▶ [Goal of the exercise] Copying starts at the line containing "Don't Ignore These" and stops after the last line of the records; each line is repeated exactly, and pictures are skipped.
─── Record excerpts
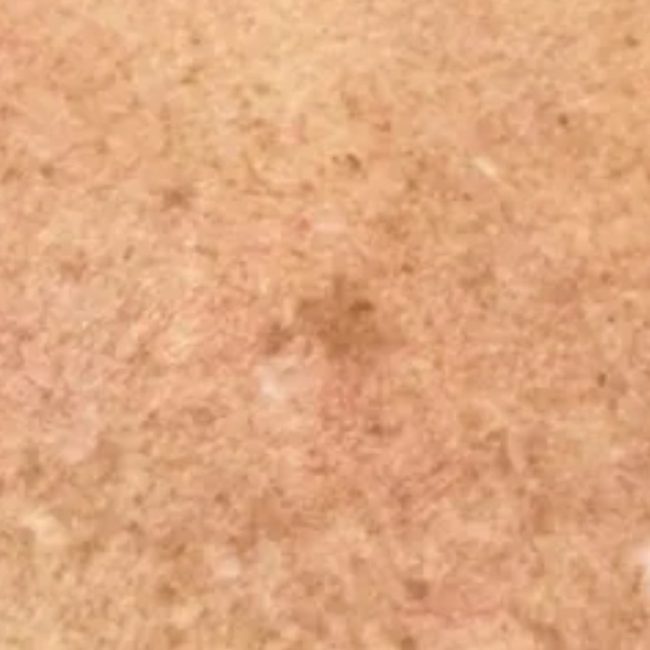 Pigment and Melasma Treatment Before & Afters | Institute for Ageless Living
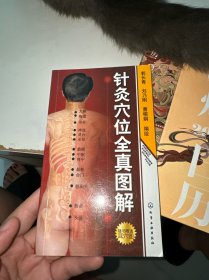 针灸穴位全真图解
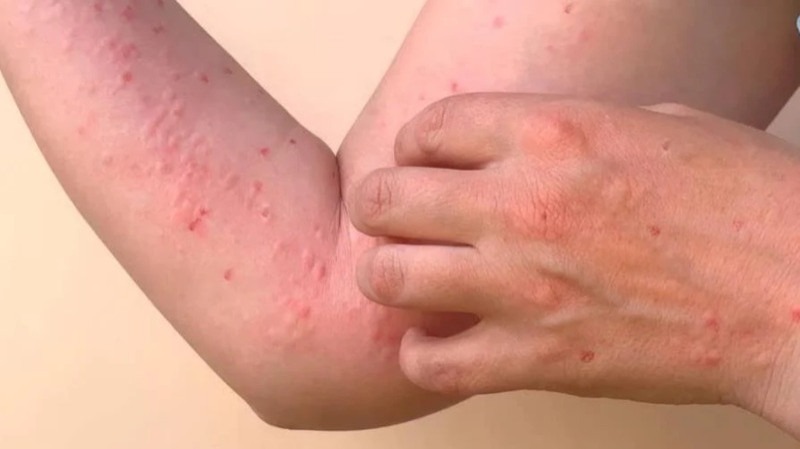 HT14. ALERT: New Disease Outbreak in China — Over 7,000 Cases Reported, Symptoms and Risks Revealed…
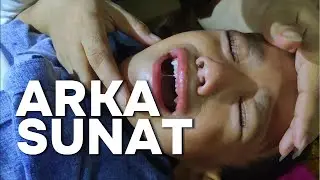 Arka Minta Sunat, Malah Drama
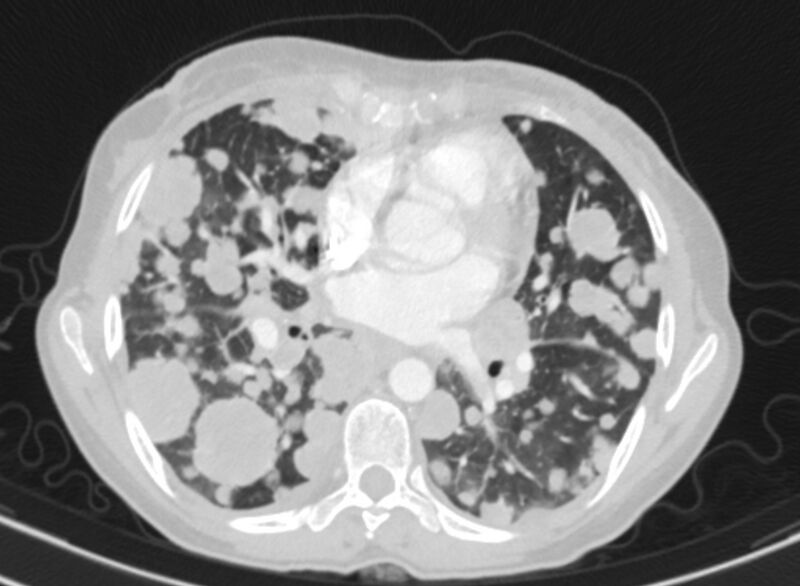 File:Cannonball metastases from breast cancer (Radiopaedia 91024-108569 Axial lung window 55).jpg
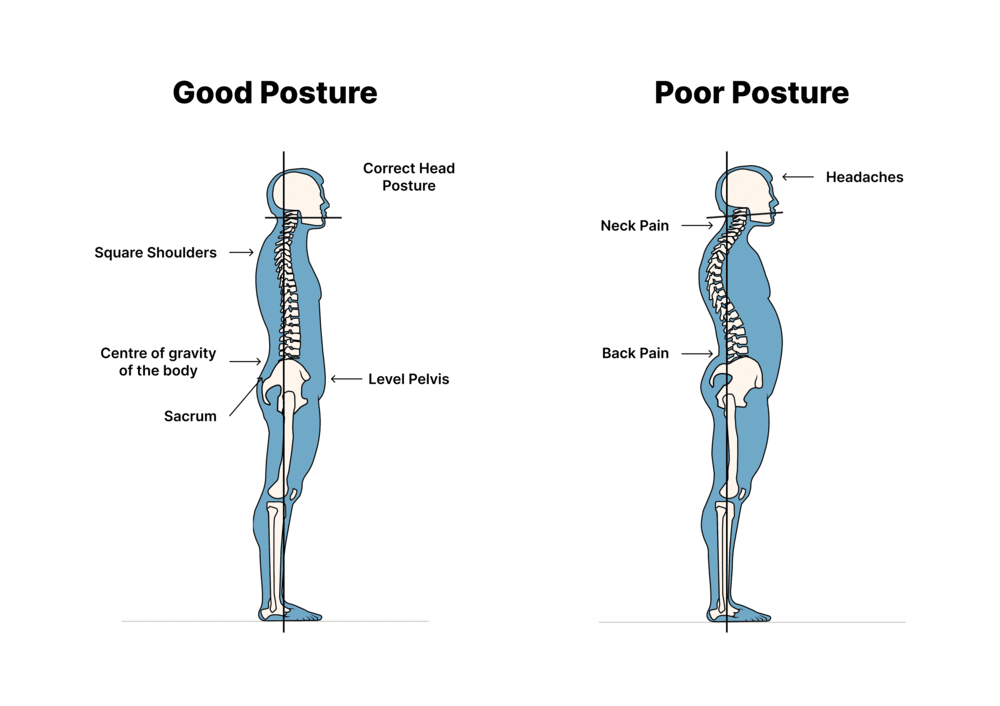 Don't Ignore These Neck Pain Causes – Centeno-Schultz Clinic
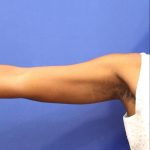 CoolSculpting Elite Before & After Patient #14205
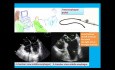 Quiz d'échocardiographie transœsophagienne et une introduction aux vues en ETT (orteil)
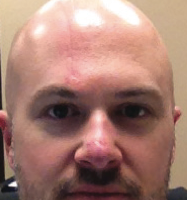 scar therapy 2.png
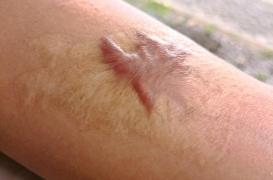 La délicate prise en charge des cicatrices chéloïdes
──────
▶ [Task result]
 Don't Ignore These Neck Pain Causes – Centeno-Schultz Clinic
 CoolSculpting Elite Before & After Patient #14205
 Quiz d'échocardiographie transœsophagienne et une introduction aux vues en ETT (orteil)
 scar therapy 2.png
 La délicate prise en charge des cicatrices chéloïdes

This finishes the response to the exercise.